Sunday, August 22, 2010

Listen up, mayor and the NY Times

The Times ran an editorial last week, "Parents need to know", which claimed that NYC parents didn't understand how the weak state exams had been "shortchanging students" and that they did their "children no favor" when they disrupted a Panel for Education Policy meeting on Monday. This was after the PEP chair, David Chang, refused to let them speak in response to a long, deceptive power point that claimed, despite the collapse of the state test score bubble collapse, that the schools had made great progress.

The editorial also excused the state test score inflation by stating, "Weak state tests are a chronic problem throughout the country — one that education departments are only beginning to come to grips with." Oh please. The NY test score inflation has been obvious to nearly all objective observers since at least 2007, despite the fact that it conveniently allowed the mayor to claim great improvements during his campaigns for the renewal of mayoral control and re-election, illusions that were bought hook line and sinker by the mayor's allies on the Times and the other editorial boards.

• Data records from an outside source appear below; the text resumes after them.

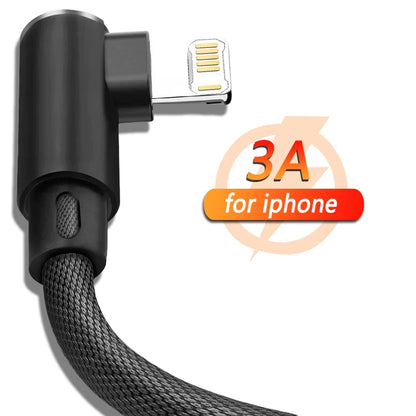 Cavo Di Ricarica Rapido A 90 Gradi Per iPhone 14 13 12 11 X XR 8 7 6s Plus Lightning USB Dati Treccia Durata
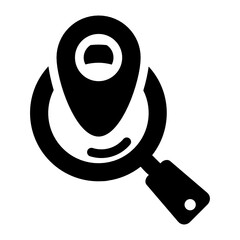 
Magnifier on a location pin, editable flat vector of search location  
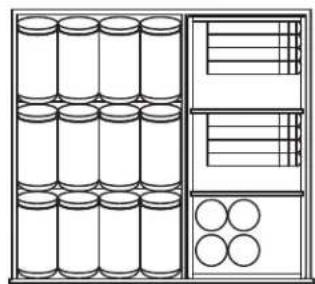 Diagram of a storage cabinet with three rows of circular tanks and one cabinet, showing internal compartments (no text or symbols)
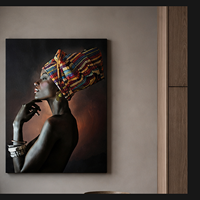 Tableau mural Portrait Femme Africaine – Impressions sur toile colorées avec foulard pour la maison, la galerie, la chambre d'hôtel, le bureau et les murs décoratifs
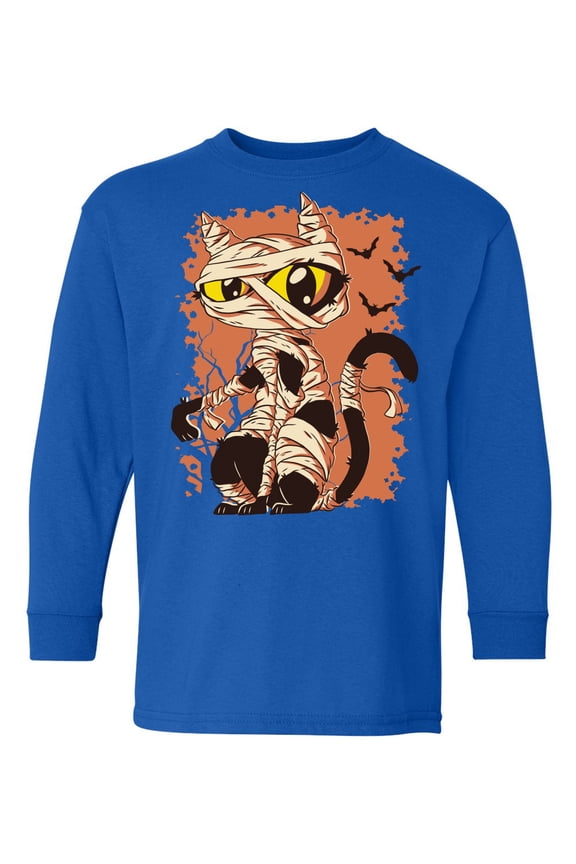 Halloween Youth Sweatshirt Mummy Cat Crewneck Tee for Kids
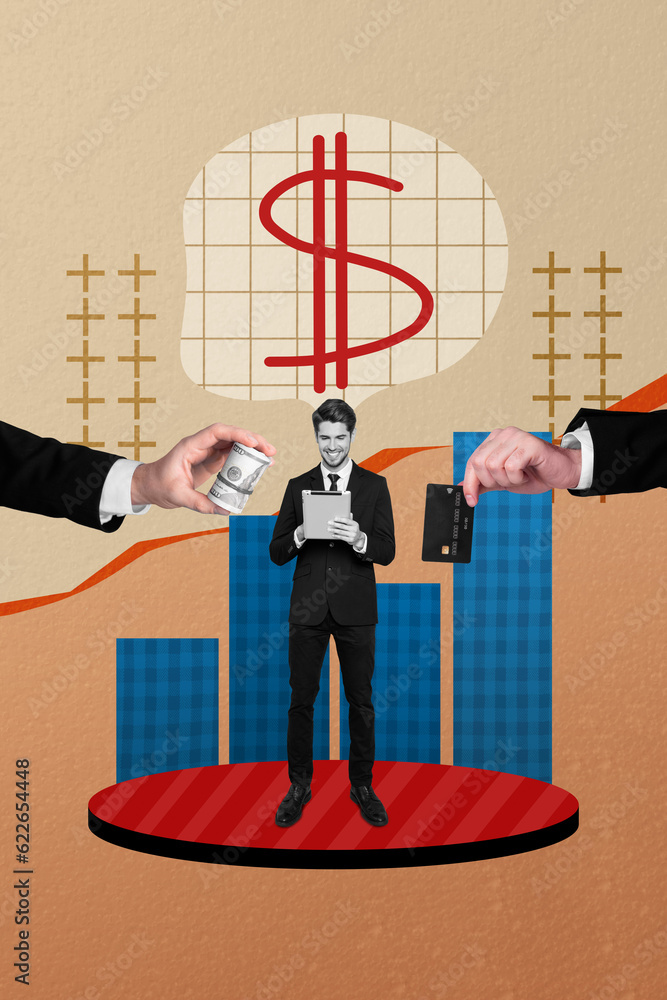 Poster collage 3d pinup pop retro sketch image of smiling confident worker earning money modern device isol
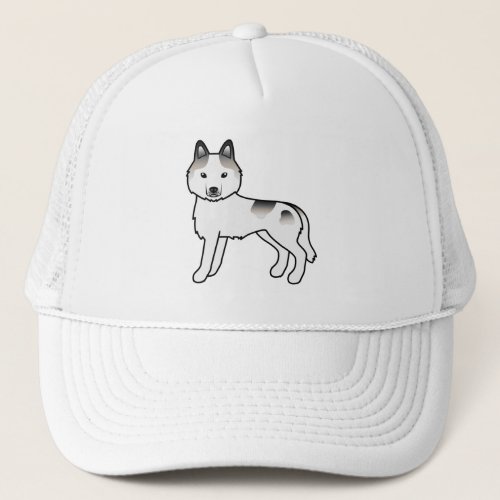 Grey Piebald Siberian Husky Cute Cartoon Dog Trucker Hat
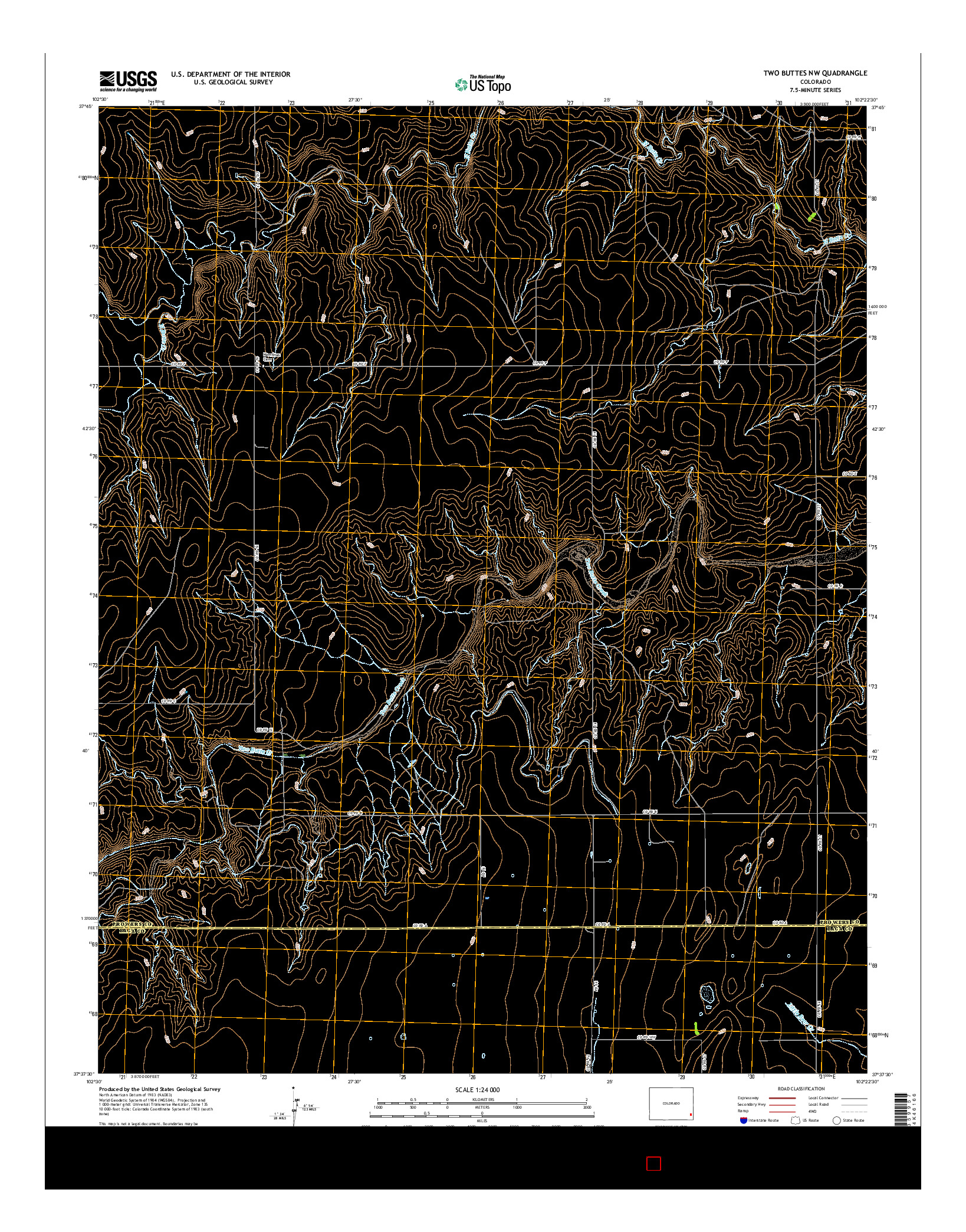 USGS US TOPO 7.5-MINUTE MAP FOR TWO BUTTES NW, CO 2016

The editorial ended by claiming that the schools have nevertheless been "narrowing the performance gap between white and minority students." Yet the gold standard, the national exams called the NAEPs, show no narrowing of the achievement gap in any grade or subject since the Klein regime began. Truly, the Times editors "need to know" and start living in the real world, for they, along with the chancellor and mayor, have lost all credibility, and should stop criticizing parents while displaying their ignorance of what's really going on in our schools.Our mayor, who famously said people could "boo him at parades" if people didn't like his educational policies, will likely see more booing of his Panel of Eight Puppets in the months to come, unless he wakes up and starts to listen.